Ducati might now be synonymous with the scrambler moniker thanks to the recent emergence of its hugely successful sub-brand but the little mud-plugging single-cylinder bikes of the 1960s didn’t exactly set the world on fire.
Regardless, and to get a little geeky for a second, these early singles were the first to sport Ducati chief engineer Fabio Taglioni’s innovative desmodromic valve system, which would go on to be a hallmark of the Italian brand, and are therefore very worthy of attention.
Alas, there was no love lost between Sean Skinner from MotoRelic in Hamilton, Virginia and this particular 1965 Ducati 250 Scrambler project, which proved so troublesome at points he believed it was actually cursed.
“I feel the name is fitting for this bike, since every part of this build was a fight from the beginning to end,” he explains.
“The bike came to me in a bit of a chopper-ish form. The frame was butchered and partially hard-tailed.
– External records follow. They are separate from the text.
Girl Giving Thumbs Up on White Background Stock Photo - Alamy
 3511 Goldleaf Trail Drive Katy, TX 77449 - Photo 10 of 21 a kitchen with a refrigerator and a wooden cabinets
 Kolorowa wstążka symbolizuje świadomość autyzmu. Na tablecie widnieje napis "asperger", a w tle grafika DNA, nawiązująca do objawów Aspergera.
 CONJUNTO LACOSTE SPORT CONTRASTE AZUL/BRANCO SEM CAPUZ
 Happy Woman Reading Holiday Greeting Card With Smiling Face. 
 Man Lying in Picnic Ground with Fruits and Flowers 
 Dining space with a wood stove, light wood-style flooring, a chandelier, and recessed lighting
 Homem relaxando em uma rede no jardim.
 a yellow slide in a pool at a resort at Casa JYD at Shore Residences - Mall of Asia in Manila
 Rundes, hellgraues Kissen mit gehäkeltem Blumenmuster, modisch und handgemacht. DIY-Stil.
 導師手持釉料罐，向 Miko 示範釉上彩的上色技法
I cut everything away, leaving the swingarm and the frame around the engine,” he adds.
From here, Sean added a fresh set of Excel rims and raided his stockpile of Suzuki TS250 parts to mock up the front end, which would later have to be machined and hand-fettled to fit.
There’s also a bespoke mono-shock set up at the rear, a Suzuki T350 fuel tank and a bespoke headlight assembly that nearly beat Sean.
“I don’t know why I put myself through the torture really,” he explains.
“They assembly doesn’t look like much but when you take a light that is meant to be mounted only one way and you have to mount it another, things can get difficult.
“There were many hours in that damn headlight, number plate, mini fender thing, but when it was mounted on the bike it was clear that the fight was worth it,” Sean adds.
Throw in some major mechanical issues with an engine that is 53-years old and it looked like the Dastardly Ducati was shaping up to fit its namesake nicely, but Sean came through and a staggering burnt orange and black paintjob finishes off this fine specimen.
“It was a difficult and delay-filled build but a road test makes it all worth it,” says Sean.